A lot of people ask why Malaysian has fallen behind countries like Korea, Taiwan or Singapore in terms of our economic development. The answer most politicians give is corruption–but there’s hardly any data to suggest that’s a big issue–at most corruption can account for the ‘loss of income’. There’s no guarantee that the money we saved by eliminating corruption would be spent wisely on good projects, there’s no guarantee we’d be where Korea, Taiwan or Singapore is even if we had no corruption. Do you think there’s corruption in Kelantan, yet they seem to be trailing behind everyone in terms of development? Low corruption is not a guarantee of good education.
So what do Singapore, Korea and Taiwan have in common, that may explain their leap-frogging us economically?
They have great people–now don’t get me wrong, Malaysians are great people–but we’re not good at science, or maths, or engineering–or anything technical for that matter.
The two things that Singapore, Korea and Taiwan have in common are high scoring TIMSS students and top notch quality universities in their borders.
Firstly, they score extremely high on the TIMSS for Science and Maths. Their high-school students, kick our high school students ASS!
Secondly they have world class universities in their borders.

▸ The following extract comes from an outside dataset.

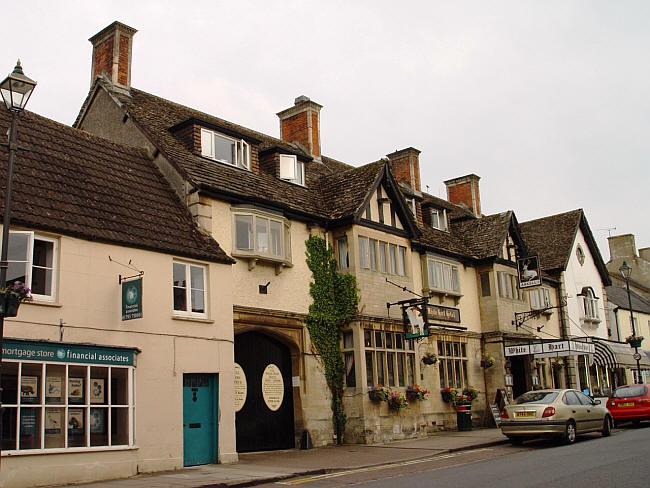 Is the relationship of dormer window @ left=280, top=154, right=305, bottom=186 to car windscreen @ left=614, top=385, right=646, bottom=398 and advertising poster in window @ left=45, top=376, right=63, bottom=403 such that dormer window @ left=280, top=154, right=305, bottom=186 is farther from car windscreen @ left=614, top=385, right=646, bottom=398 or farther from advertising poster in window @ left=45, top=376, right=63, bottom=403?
car windscreen @ left=614, top=385, right=646, bottom=398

In fact Singapore have two prime Universities (NUS and Nanyang) both of which feature in the Top 10 Universities in Asia–in fact they’re the Top 50 schools for engineering in the WORLD!! Korea and Taiwan have entire swaths of world ranking universities within their borders, which translates to a lower expenditure on education for high performing students and their scholarship sponsors, but also high quality fresh graduates rolling out into the job market every year.
In comparison, Malaysia has just one University in the top 100 Universities in World (UKM is ranked 87) and we rank at the BOTTOM third in the TIMSS for Science and Maths. So basically at some point it becomes garbage in, garbage out–how do you expect to grow a world class University when you’re sending the bottom 3rd of the world to study in that University.
And that’s my problem with Pakatan’s free tertiary education–if you give away crap for free–it’s still crap! However, my biggest gripe is still with Barisan, because it’s on their watch that we experience such a sharp decline in our education standards–particular during the time of TSMY tenure as education minister.
What makes matters worse is that we’re slowly trailing Thailand, not just in TIMSS but in our university rankings as well, yet no politician has made this the cornerstone of their campaign, no single politician thinks that the future of our country is more important than lower car prices, Rosmah’s ring or the virtues of a caretaker government. This is the future of Malaysia–and no one seems to be bothered.
Good point, Keith.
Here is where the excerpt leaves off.